The June, 2018 issue of the occasionally-weekly, usually bi-weekly and most-recently monthly alternative paper will be its grand valediction; an edition which Downe promises us “will be a keeper”. Well, if it’s going to earn that distinction, it’ll have to be a little more dazzling than SCENE’s 28-page May edition whose generic, unsigned cover story – “Hot Summer Guide” – is a sprawling series of short, disconnected, boosteristic plugs for upcoming events and a handful of restaurants and bars, most of which have taken out ads.
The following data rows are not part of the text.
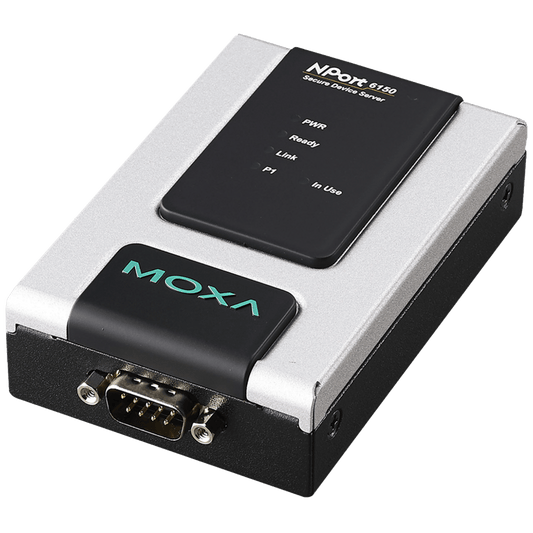 Moxa Terminal server, RS-232/422/485, RJ-45 Ethernet - JAB MOXA NPort 6150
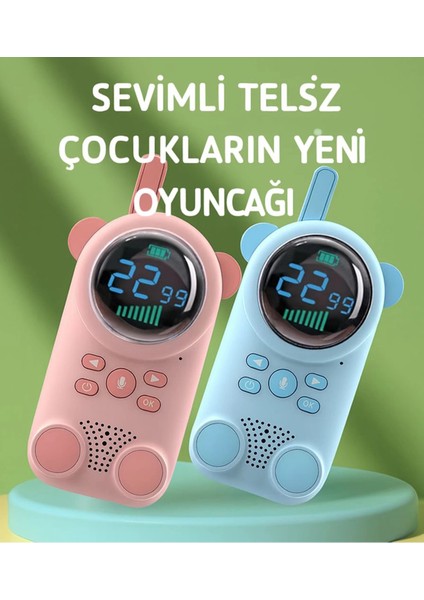 Çocuklar Için Kamp Yürüyüş El Telsizi Şarj Edılebılır 3km Menzil modelleri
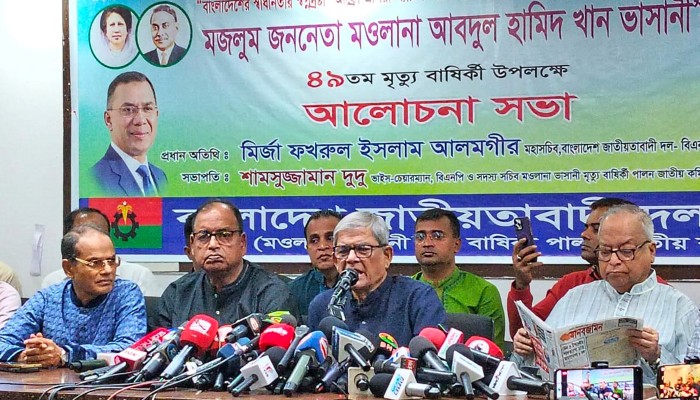 ​শেখ হাসিনার রায় ঘিরে নৈরাজ্য সৃষ্টির পাঁয়তারা চলছে : ফখরুল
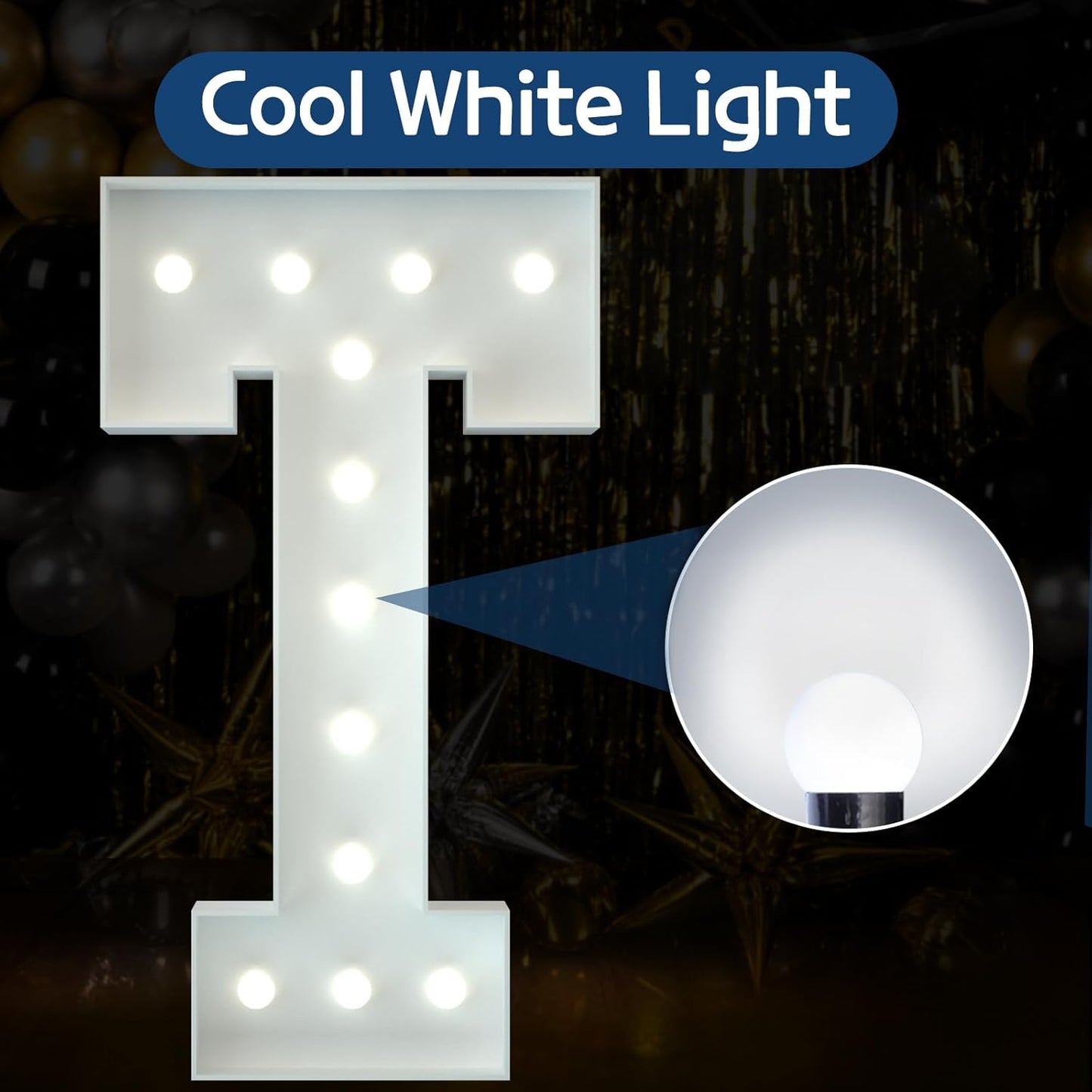 Marquee Letters 4 Feet Tall Large Light Up Letters Baby Shower Decorations Wedding Engagement Proposal White Party Decorations Marry Me Sign Big Cardboard Backdrop T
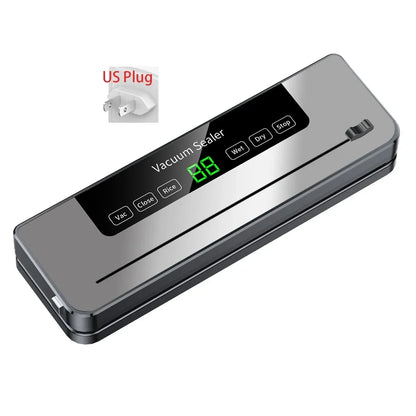 Food Vacuum Sealer Machine | Dry & Wet | UV Sterilization | Built-in Cutter | Kitchen Food Storage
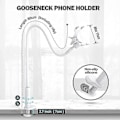 Miniatyrbild 5 av 5: Mobiltelefonhållare för sängen, Gooseneck Mobiltelefonhållare - Flexibel Lång Arm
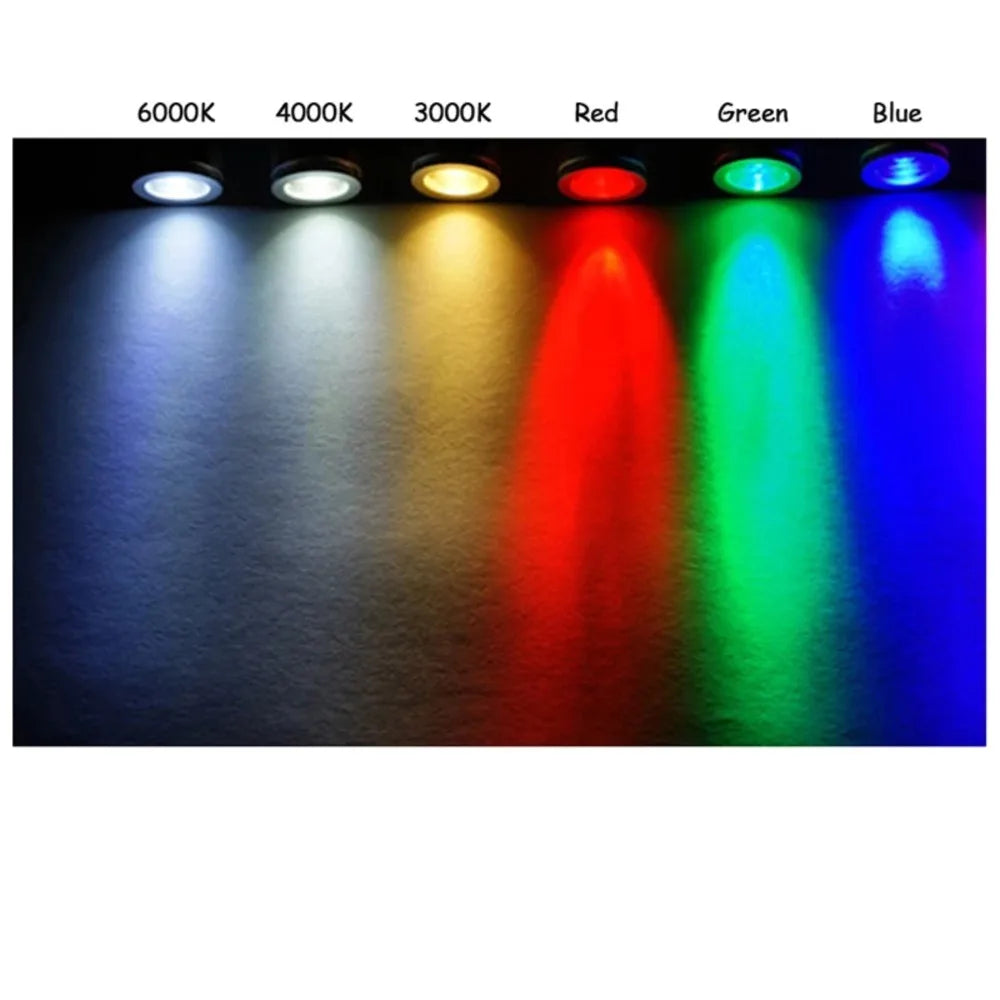 LED 3W DC 12V Aluminum LED Downlight 50mm Cutout Dimmable Recessed Ceiling Light Round Spot with Driver Cutout Installation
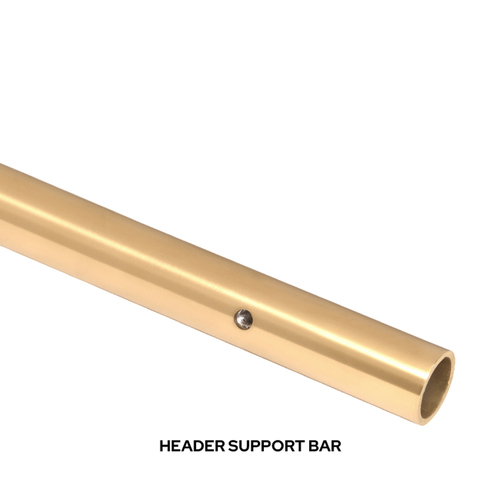 CRL CLNH1SB Satin Brass 78" Replacement Header Bar for Colonia Sliding Shower Door System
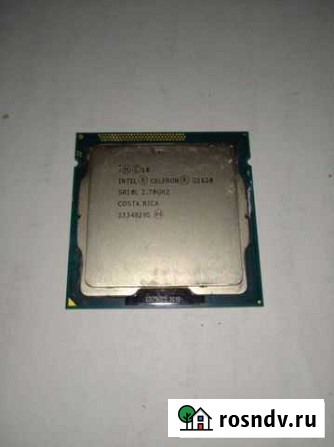 Процессор Celeron G1620 2.7GHz s1155 Астрахань - изображение 1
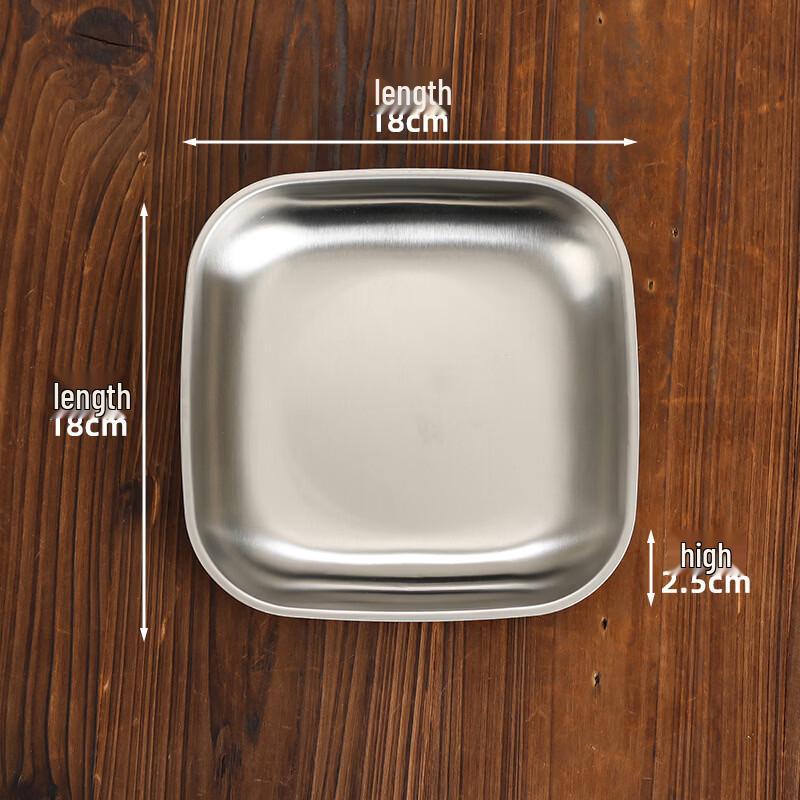 Wutuo 304 Vintage Stainless Steel Serving Plate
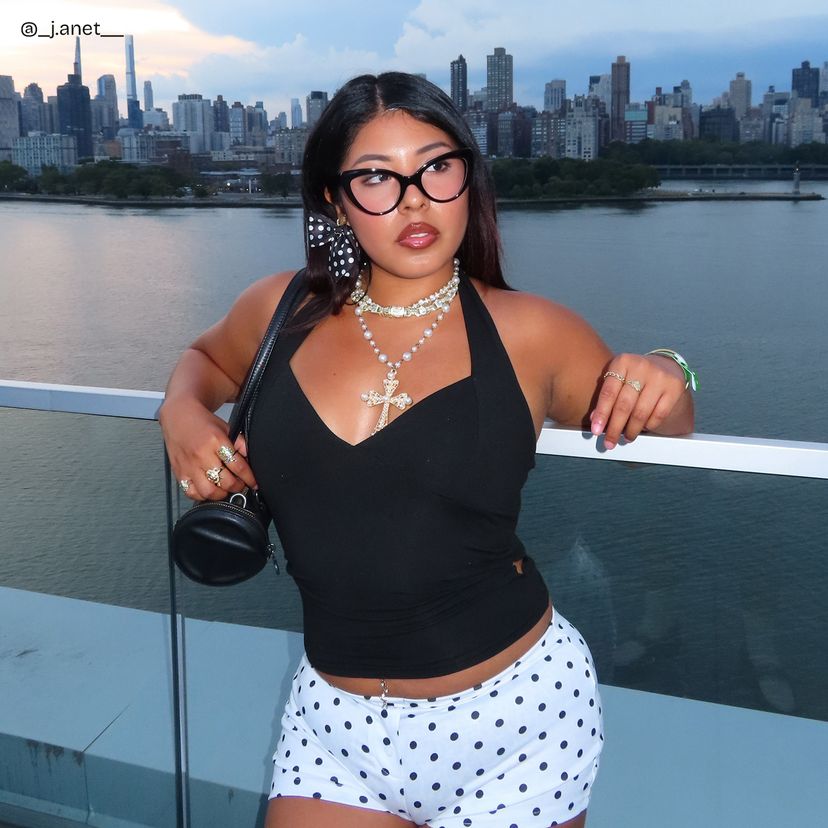 Claudette Black Cat eye Glasses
Well, so far this essay is turning out snarkier than I’d intended. It’s undeniable; I have decidedly mixed feelings about SCENE. I was on board with my Found Wandering column from their very first eight-page issue of March 23–29, 1989. That weekly timetable was kept up, even through the summer and Christmas seasons, until the 16-page issue of February 1–14 of the following year. Downe and his then-wife operating out of their apartment in the furthest reaches of northeast London were responsible for publishing, editing, ad sales, type-setting, layout and distribution. Staggering under that kind of workload, and neither party evincing a pronounced literary or aesthetic flair, it wasn’t surprising that in terms of physical presentation, the first few years’ worth of SCENEs were what my mother used to call “a dog’s breakfast”.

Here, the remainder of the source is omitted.